The main controversy between exchange rates and domestic policies is that, on one hand, fixed exchange rates offer relative stability and better conditions for local and international trade conditions; the enterprisers could easily predict the rates and plan their work according to this. On the other hand, to eliminate instability and stimulate economical growth, it is required that currencies could be exchanged without any restrictions [7, p.50]. And the last condition that is necessary for sound economical development is that governments have to conduct monetary and fiscal policies without any restrictions in order to be able to cope with appearing crises, reduce such factors and unemployment and inflation etc.
 
Unfortunately these three conditions cannot be reached within the terms of one economical system; one of them is always not compatible with the other two conditions.
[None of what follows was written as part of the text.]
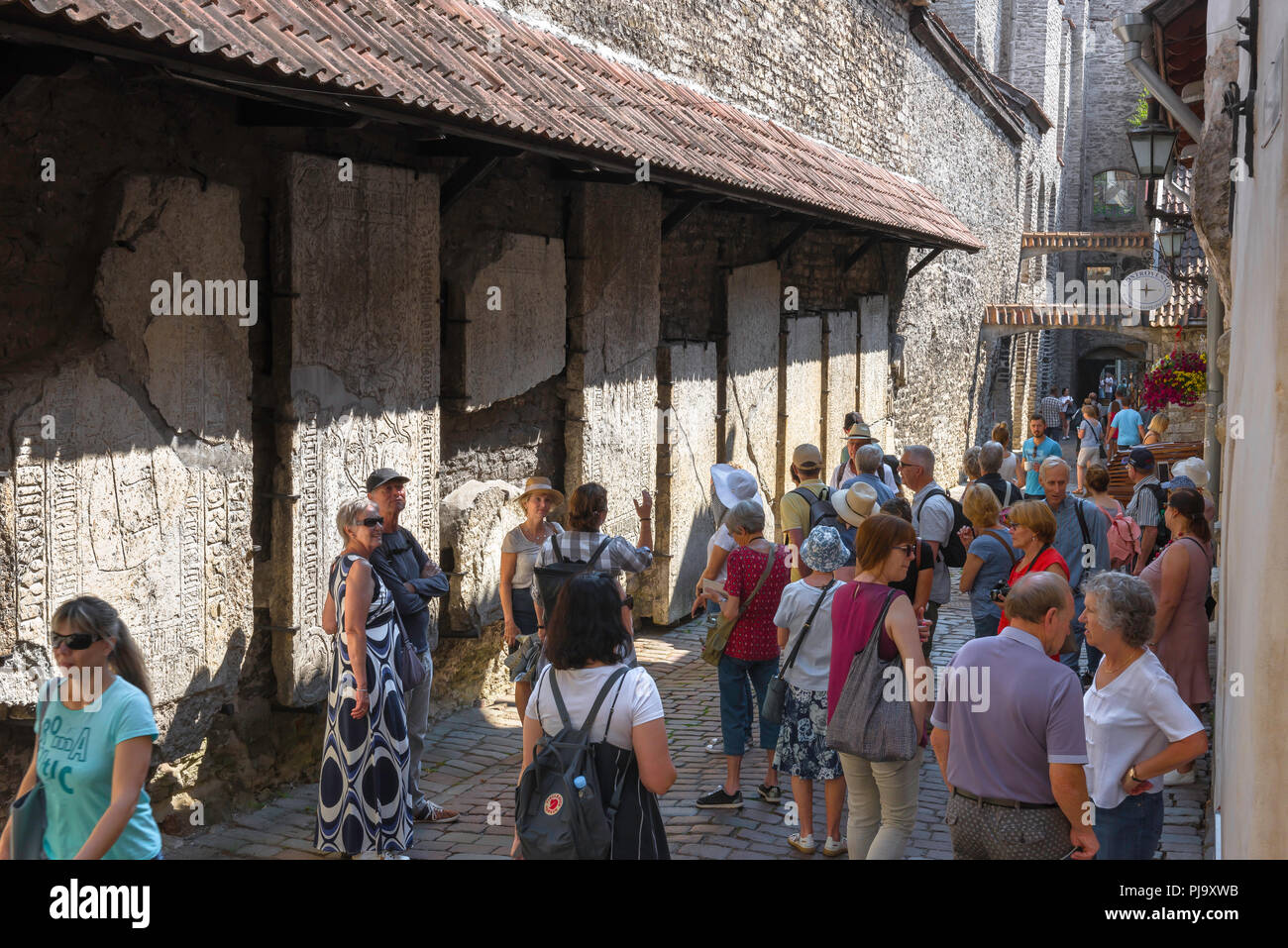 Le tourisme de la mer Baltique, les touristes d'été voir d'énormes pierres tombales médiévales fixés à un mur en Katarina kaik dans la vieille ville de Tallinn, Estonie. Banque D'Images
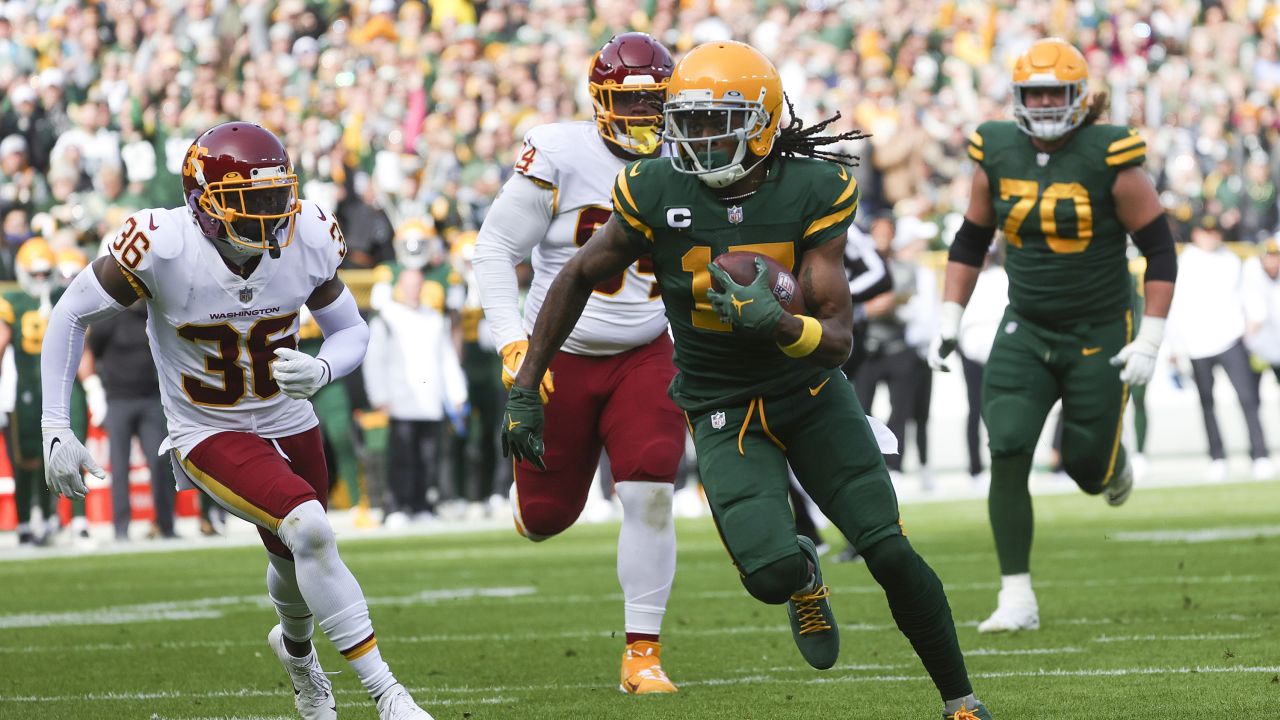 Davante Adams #17 of the Green Bay Packers runs with the ball against the Washington Football Team in the game at Lambeau Field on October 24, 2021 in Green Bay, Wisconsin.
For example, if the state chooses free and unlimited currency conversion and fixed exchange rate policy, it is then unable to provide domestic interventions in order to control appearing economical disbalances and becomes very vulnerable to outer economical interventions and speculative attacks. If the state provides strong domestic policy and controls the appearing economical troubles such as inflation and unemployment, and at the same time offers free and unrestricted conversion of currencies, it will be unable to keep the exchange rate on a desired level because the changing demand for the currency and changing economical conditions will require to devalue or revalue the national currency. And finally, if the state chooses to have strong domestic policy and fixed exchange rates in order to reach economical stability, it will have to limit the amount of converted currencies to preserve the exchange rate in the proper scope.
 
Depending on these three main factors, three main exchange rate systems have appeared: fixed exchange rate system, floating (or flexible) exchange rate system, and managed exchange rate system which combined both above-listed systems.
 
Let us now return to historical development of exchange rate systems. The Bretton-Woods system existed until 1973. In 1971 there was an attack on the US dollar which made it significantly overvalued against other currencies; but the US government did not try to protect the dollar value, and therefore the floating of dollar exchange rate started. There was an attempt to return back to fixed rate system in 1973, but it didn’t have any significant effect and as other currencies were strongly linked to dollar value, the world exchange rate system gradually shifted from fixed exchange rate to floating exchange rate.
 
The attitude to this shift is different in different parts of the world, and it specified the emergence of three distinct types of exchange rate systems (they were listed above) and different combinations of these types.
 
It is historically conditioned that the US supports the idea of self-adjusting market; therefore the US government mostly supports floating exchange rate system. The European community has mostly provided the policies of regulating their economy and intervening into market mechanism; therefore countries of these region have hosen the direction towards a fixed exchange rate system and finally, towards a common currency in 1999.
 
The European Monetary System (EMS) has been created in 1979; it included 15 countries of Europe and offered the fixation of exchange rates of one currency compared to another one; the rates for the pairs of currencies differed which allowed more flexibility than simply fixing exchange rates. This system also allowed the change of the exchange rate in certain situations; for weaker countries the fluctuation barrier has been made wider than for dominating countries [3, p. 42]. As a development of this system, euro has been created; in 1999 all currencies have been fixed against euro and finally in 2002 all currencies were replaced by euro.